عَالِمُ الْغَيْبِ فَلا يُظْهِرُ عَلَى غَيْبِهِ أَحَدًاإِلا مَنِ ارْتَضَى مِنْ رَسُولٍ فَإِنَّهُ يَسْلُكُ مِنْ بَيْنِ يَدَيْهِ وَمِنْ خَلْفِهِ رَصَدًا

               Yang Mengetahui yang gaib, maka Dia tidak memperlihatkan kepada seorang pun tentang yang gaib itu. Kecuali kepada rasul yang diridai-Nya, maka sesungguhnya Dia mengadakan penjaga-penjaga (malaikat) di muka dan di belakangnya. [Q.S. al-Jinn : 27-28].

               Dari sekian nama-nama jurig yang menjadi nominasi dalam pembahasan kali ini, ada satu nama yang terpilih, yaitu; Jin. Berbicara mengenai Jin, kiranya kurang afdhal bila tidak dibahas dan ditinjau dari aspek etimologis definitif-nya terlebih dahulu.

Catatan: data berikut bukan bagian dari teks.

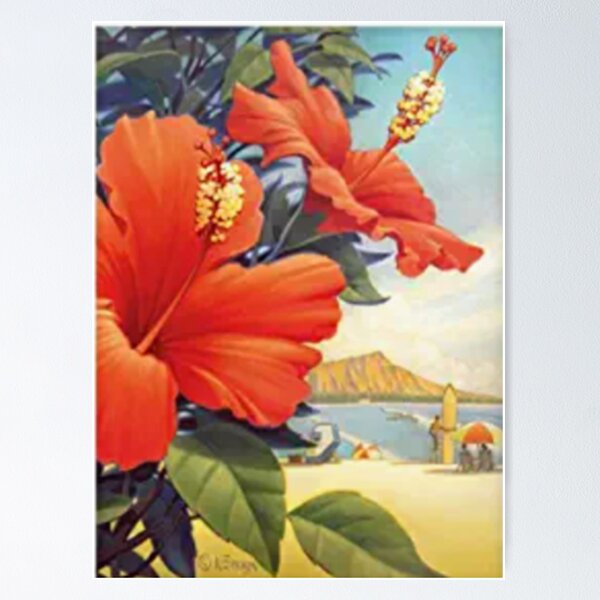 Item preview, Hawaiian Hibiscus designed and sold by Harpie72.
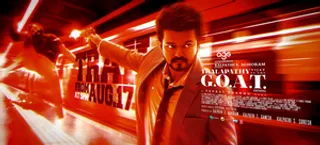 New poster of Thalapathy Vijay’s 'GOAT’ out, trailer to be unveiled on Saturday
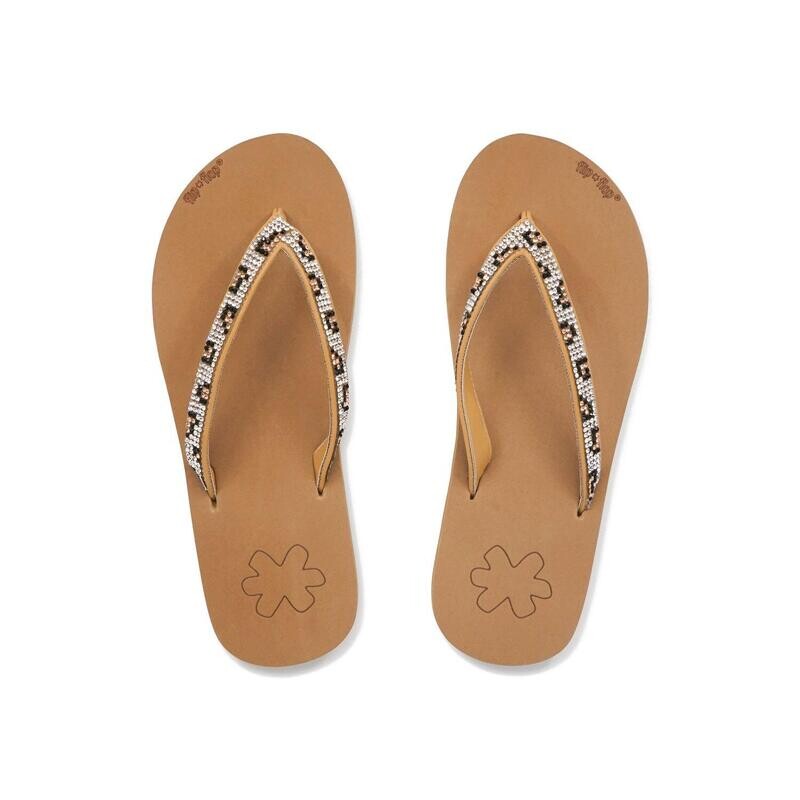 

Шлепанцы Flip Flop, коричневый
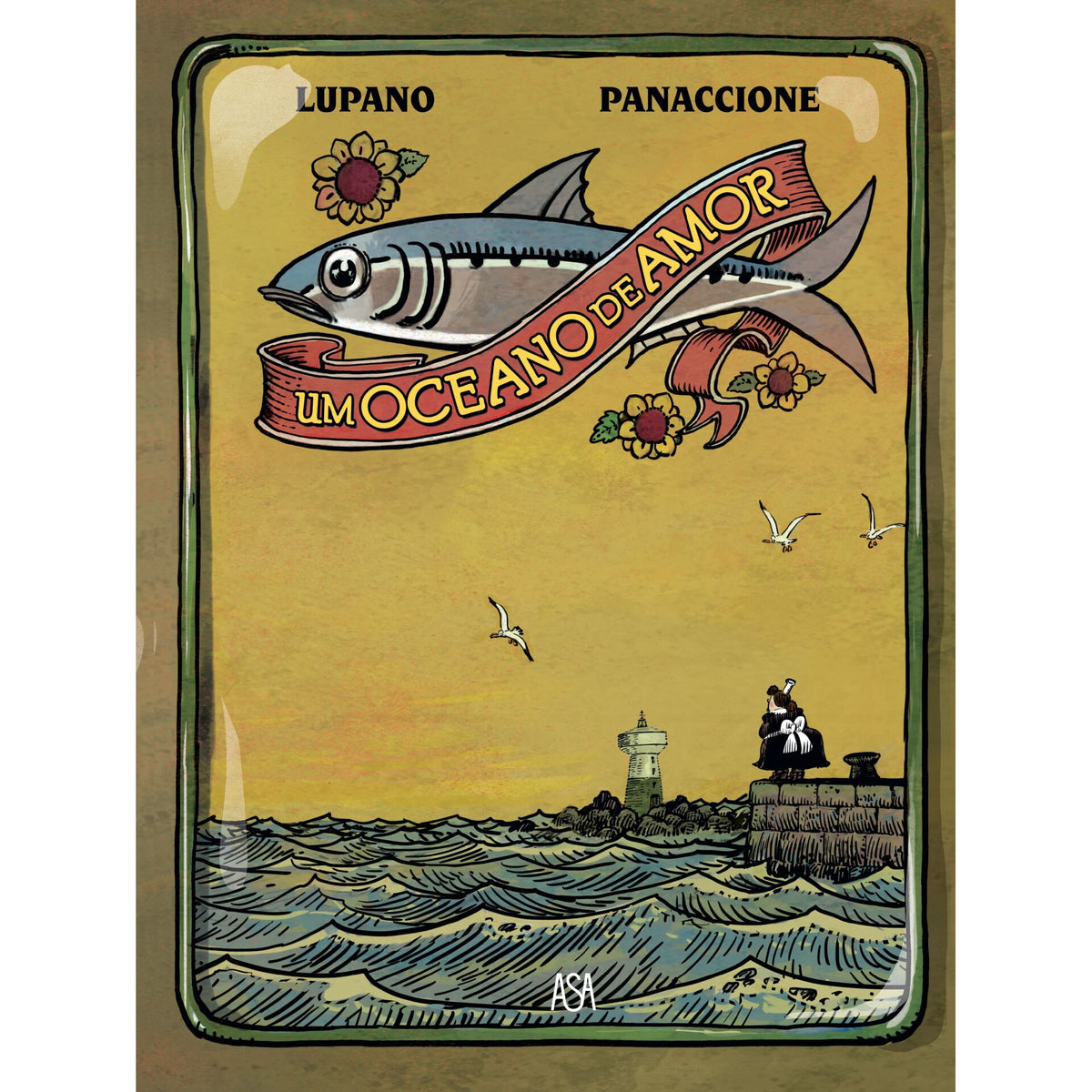 Um Oceano de Amor de Wilfrid Lupano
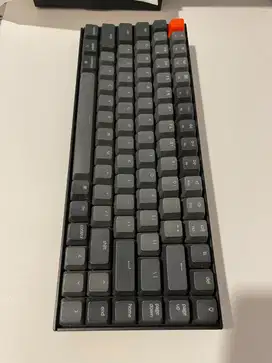 Keychron K2 WHITE Backlight PLASTIC Frame Wireless Mechanical Keyboard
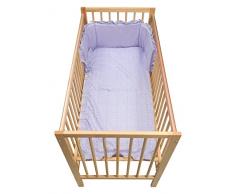 Junior Joy-Set altalena con angoli per culla, colore: lilla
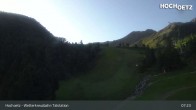 Archiv Foto Webcam Blick vom Wetterkreuzlift ins Skigebiet 06:00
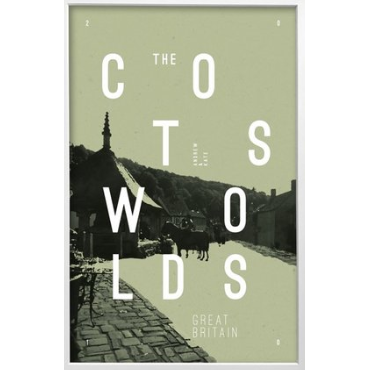 Cotswolds - Talesmith Print 21cm x 30cm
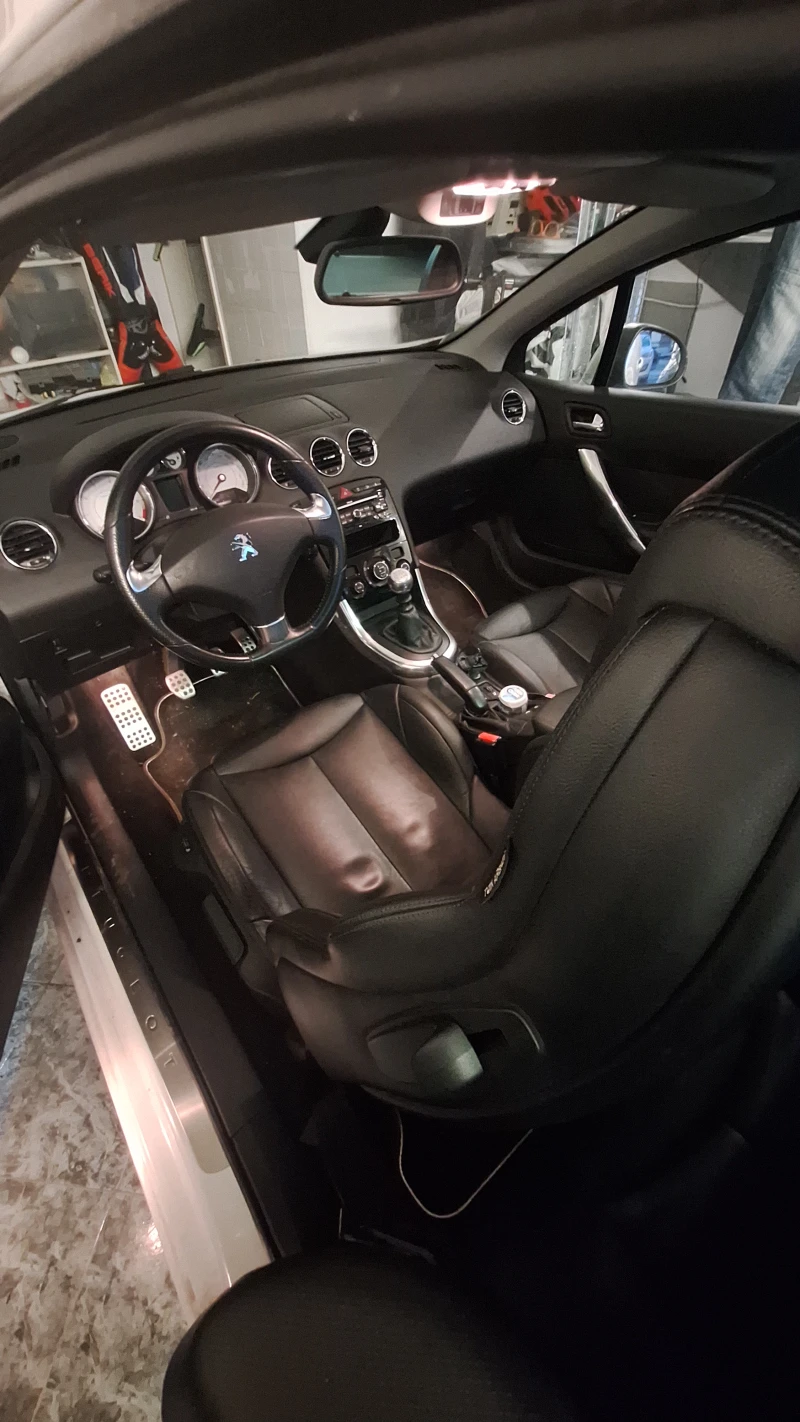 Peugeot 308 cc, снимка 2 - Автомобили и джипове - 53504985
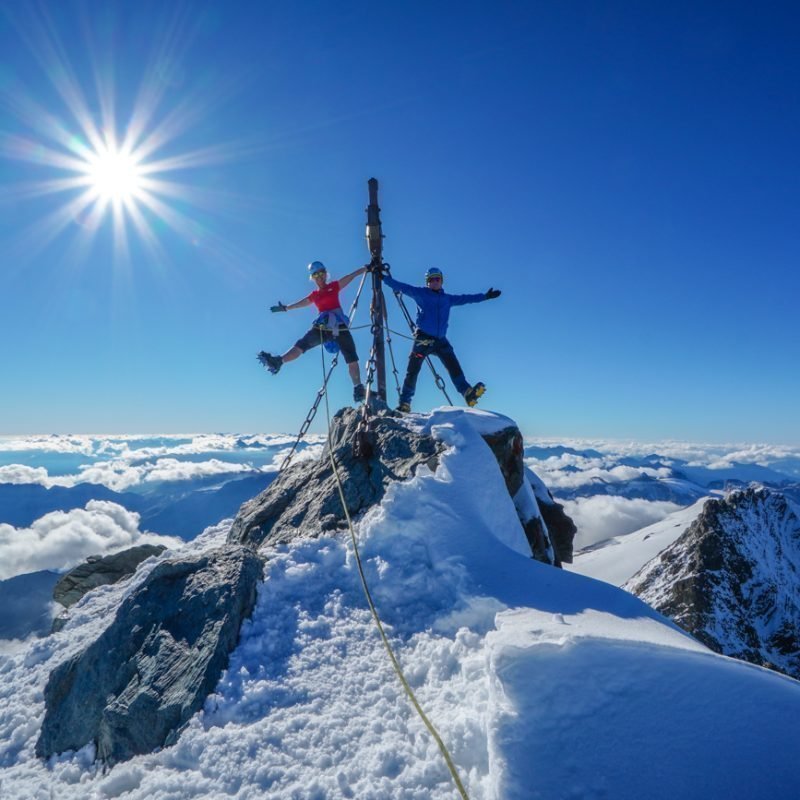 Großglockner mit Alex und Ritschi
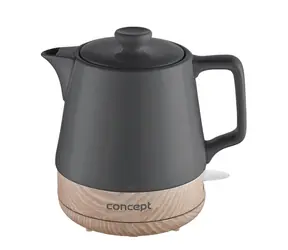 Concept RK0062 szary / Czajnik elektryczny / 1200 W / 1 l 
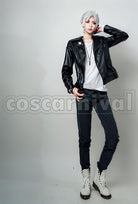 Battle The Dirty Dawg Samatoki Aohitsugi Cosplay cosplay costume from Hypnosis Mic: Division Rap, front view 3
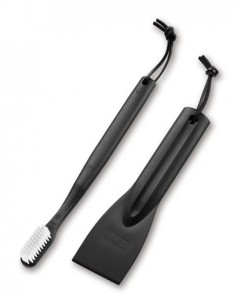 KIT DA 2 PEZZI WEBER® PER PULIZIA DI BARBECUE A GAS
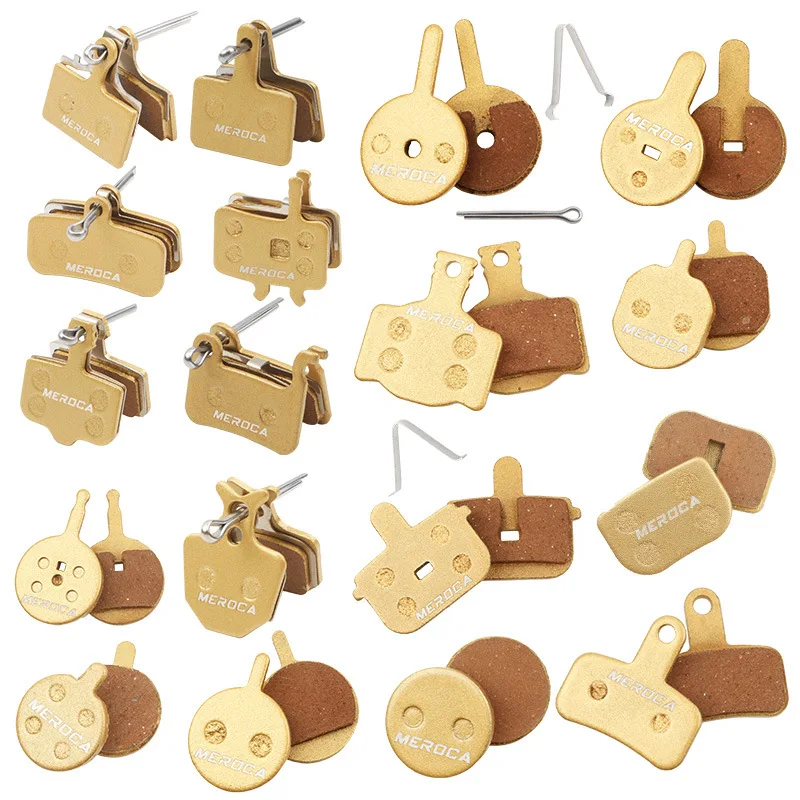 MEROCA 1 Pair Copper Based Metal Iamok Mountain Bike Disc Brake Pads for BB5 BB7 Shimano XT XTR M355 Bicycle Parts - купить по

               Ar-Raaghib al-Ashfahaaniy di dalam kitab monumentalnya, Mu’jamu Mufradaati Alfaazh al-Quran[1], menyebutkan bahwa asal kata Jin itu ialah janna yang memiliki arti menutup sesuatu dari indra. Diungkapkan “Jannahu al-lailu” yang berarti malam telah menutupinya. Allah ta’ala befirman; Maka tatkala malam telah menutupinya kemudian ia melihat bintang ... (Q.S. al-An’aam : 76). Dan kata Janaan memiliki arti hati karena keberadaannya yang tertutup dari indra. Kemudian ada kata Junnah yang berarti perisai, seperti sabda Nabi shalla-Llahu ‘alaihi wa sallam yang berbunyi, “Shaum itu perisai.” Selanjutnya kata Jannah memiliki arti kebun yang mempunyai pohon-pohon yang dapat menutupi tanah. Lalu kata Jannah yang berarti surgapun diserupakan dengan kebun karena menyerupai dengan apa yang di bumi, atau bisa karena keadaannya yang menutup kenikmatan-kenikmatan yang ada di dalamnya. Senada dengan itu, Allah ta’ala berfirman; “Maka tidak ada satu jiwa pun mengetahui sesuatu yang tersembunyi untuk mereka berupa penyejuk mata.” (Q.S. as-Sajdah : 17). Sedangkan kata Janin merujuk pada seorang anak yang ada di dalam perut ibunya. Nah adapun Jin (yang menjadi pembahasan Kita sekarang, pent.) itu terbagi kepada dua aspek; pertama bisa berkonotasi pada ruh-ruh yang tersembunyi dari panca indra yang dimiliki manusia. Maka berdasar pemahaman ini setan dan malaikatpun adalah Jin, namun tidak setiap Jin adalah malaikat ataupun setan. Pada hakikatnya ruh itu terbagi kepada tiga; yang terbaik ialah malaikat, yang terburuk ialah setan dan yang pertengahan ialah Jin. Dan hal ini ditunjukkan oleh firman Allah ta’ala; “Dan sungguh di antara kami (bangsa Jin) ada yang muslim dan ada pula yang muqsith.” (Q.S. al-Jinn : 14).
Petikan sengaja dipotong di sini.